Last month, Mayor Mike Hill and Ocean Ridge Police Chief Chris Yannuzzi went on a fact-finding mission to Golden Beach — a wealthy waterfront enclave of 950 people in northern Miami-Dade County — to take a close look at the town’s high-tech camera network.
Thirty years ago, crime in Golden Beach got so bad that officials closed all but one road into and out of the town. Today, a system of some 72 cameras monitors traffic throughout the 1.3-mile-long municipality, and crime is no longer a consuming problem.
Briny is exploring a much smaller system of six cameras that would be positioned along A1A and cover the town’s northern and southern boundaries.
“The purpose is to monitor who is coming into town and who is coming out of town,” Hill said. “The hope is that when the bad guys realize that when they drive through they’re likely to get pulled over, the bad guys will steer clear. I don’t know that’s the case, but it’s an interesting theory.”
Yannuzzi said police departments along the coast are working toward having seamless coverage of A1A traffic through South County.
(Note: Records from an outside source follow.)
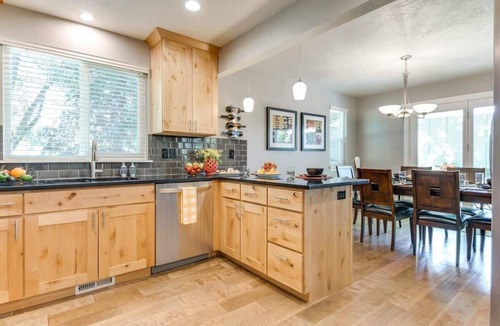 Cottonwood Heights Condo | Amazing Mtn Location *Hot Tub *Fireplace *Foosball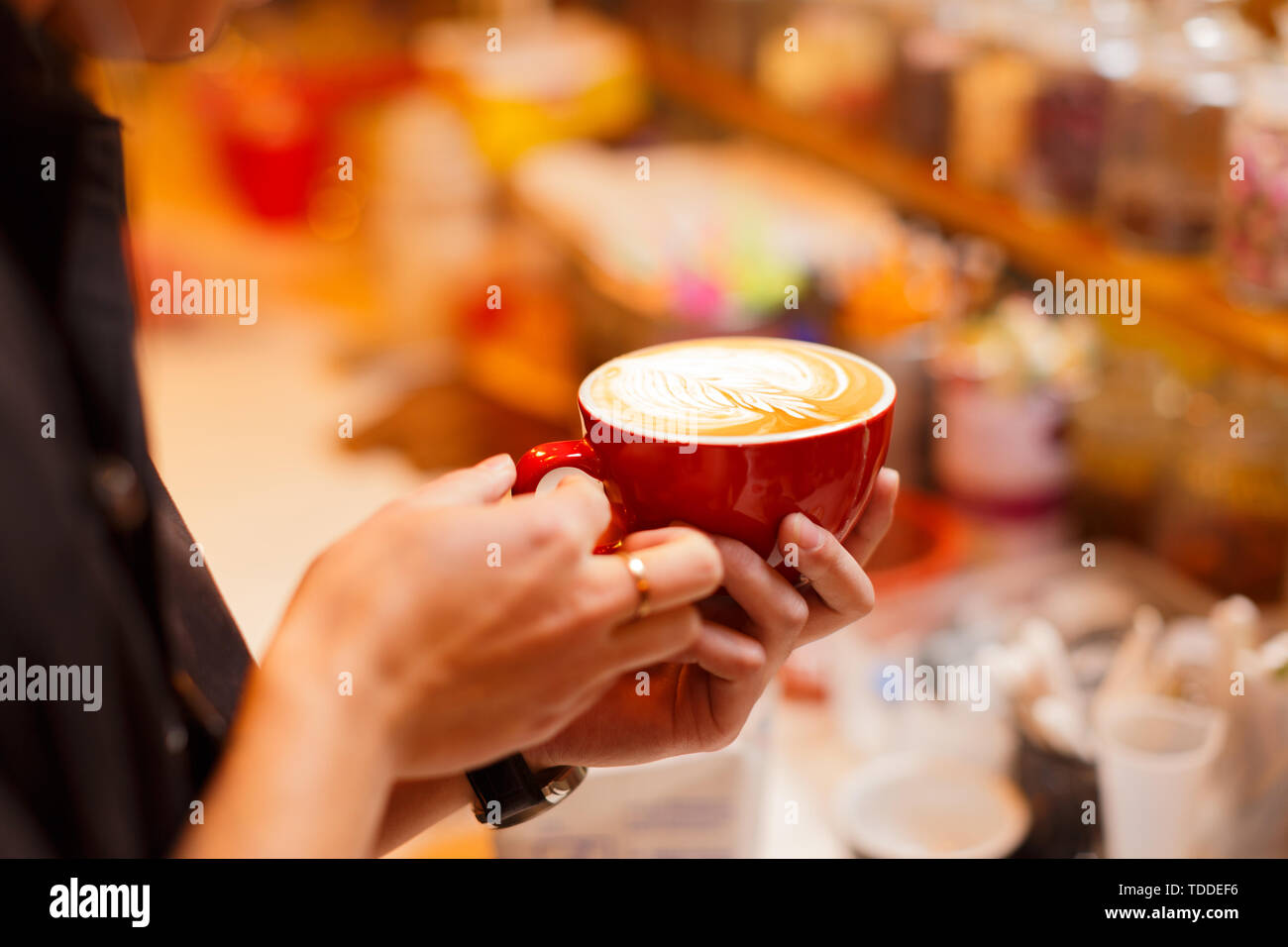 Serveuse et serveur sont en service Banque D'Images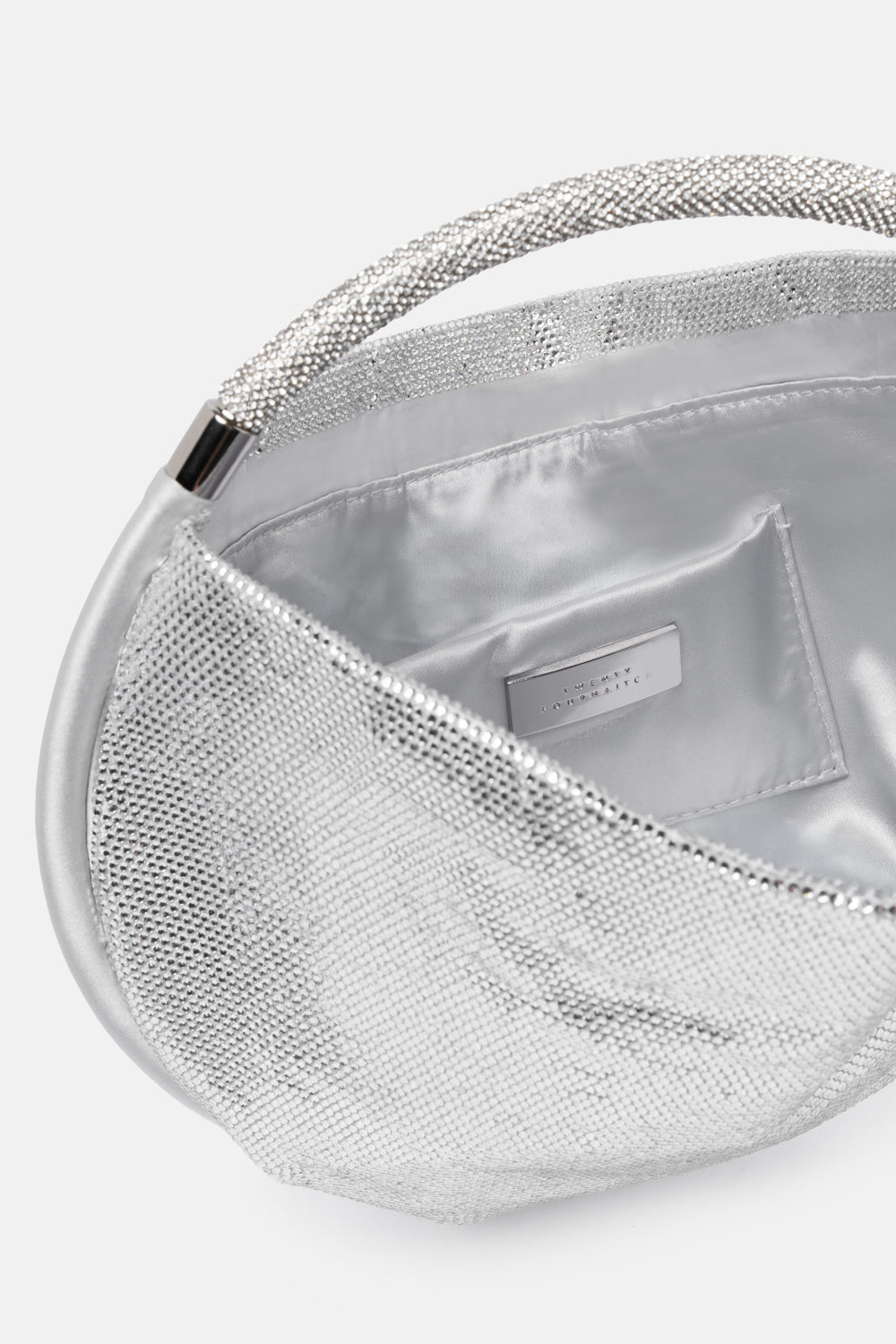 Moon-Bag-borsa-handbag-argento-in-maglia-strass-con-manico-Twentyfourhaitch_3.jpg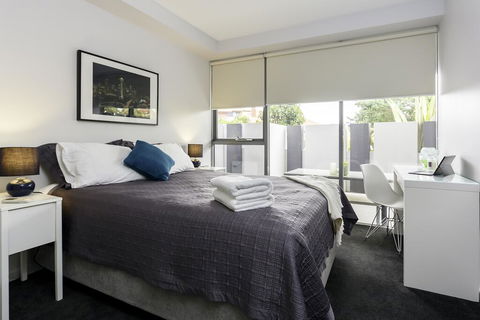 Well-Appointed 3 Bedroom, 2 Bath, Parking & Pool - Brisbane Tourism 0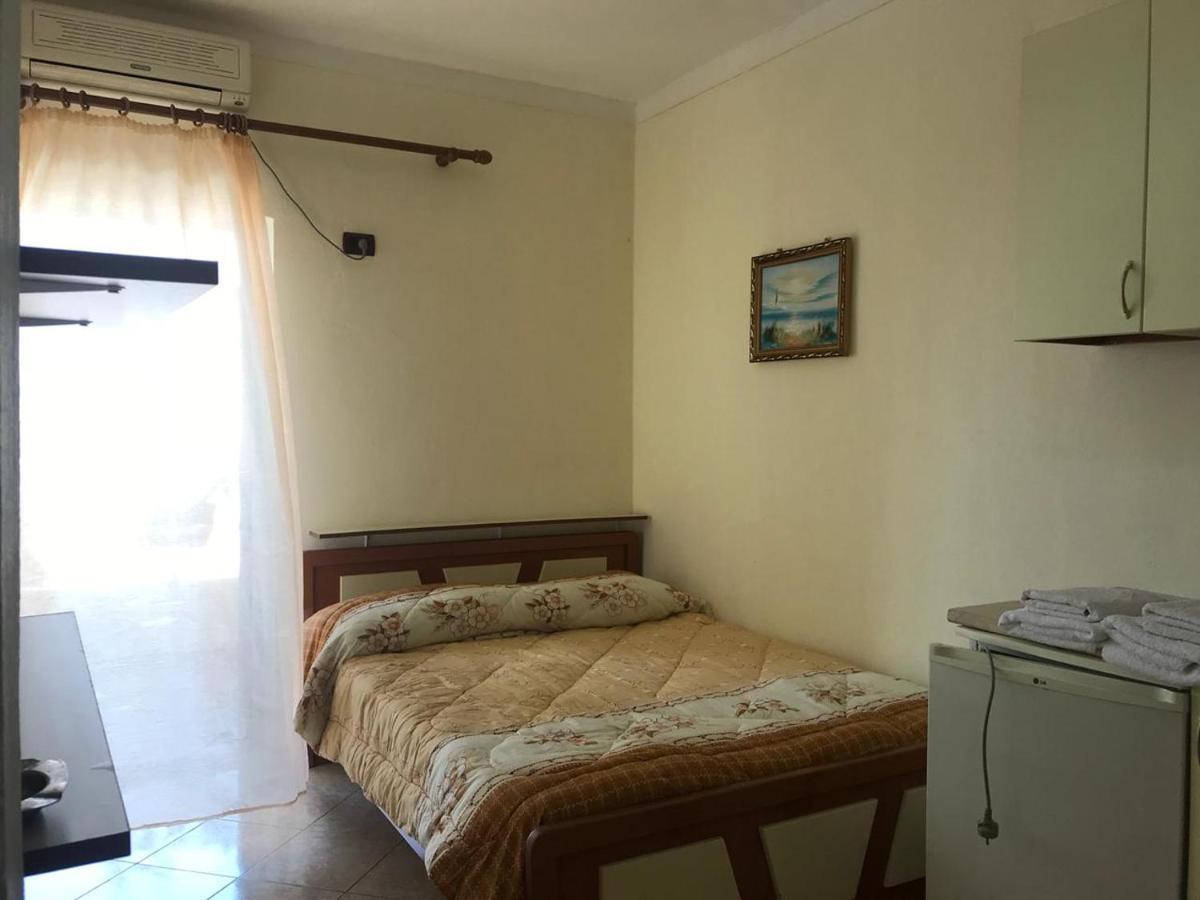 Hotel Ridal Vlorë Екстериор снимка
Manalapan has used the cameras for years, and law enforcement officials in Ocean Ridge, Gulf Stream, Boynton Beach and at the Palm Beach County Sheriff’s Office are believers in having the capability to track offenders across jurisdictions.
“Criminals are transient,” Yannuzzi said, “and what’s going on in one community isn’t limited to that community any more.”
The “automatic license plate recognition,” or ALPR, cameras cost about $10,000 each. They have the capability of reading license plates in real time and comparing their numbers with databases of stolen cars and owners with outstanding criminal warrants.
“Obviously, it’s something that’s not going to be cheap,” said Hill, “but it’s something we’re interested in looking at.”
Golden Beach was able to pay for its $500,000 system with forfeiture money — funds that came from seized cash and property of people who committed crimes in the town, mostly drug crimes. Briny, as Hill is happy to point out, doesn’t have bad guys to seize things from, so the town would have to come up with the $60,000 for cameras from more traditional sources.
Besides expense, Hill said opponents of the systems make the Orwellian complaint that “it’s too much like 1984.” The cameras take high-resolution images and are even capable of monitoring boat traffic. Yannuzzi said Lighthouse Point in Broward County installed the cameras four years ago and police since have made more than 100 arrests and seized more than $1 million in forfeitures, as crime fell.
Town Council members decided to do more research on the cameras and how to pay for them, then take the matter up later this year.
In other business:
The town swore in two new members to the council to replace Nancy Boczon and Pete Fingerhut who gave up their seats over the last two months.
New Alderman Bobby Jurovaty has owned property in Briny since 1999 and been a resident in the town for three years. Jim McCormick has lived in Briny for 17 years and served on the Planning and Zoning Board for the past two years.
Both were approved unanimously by the council.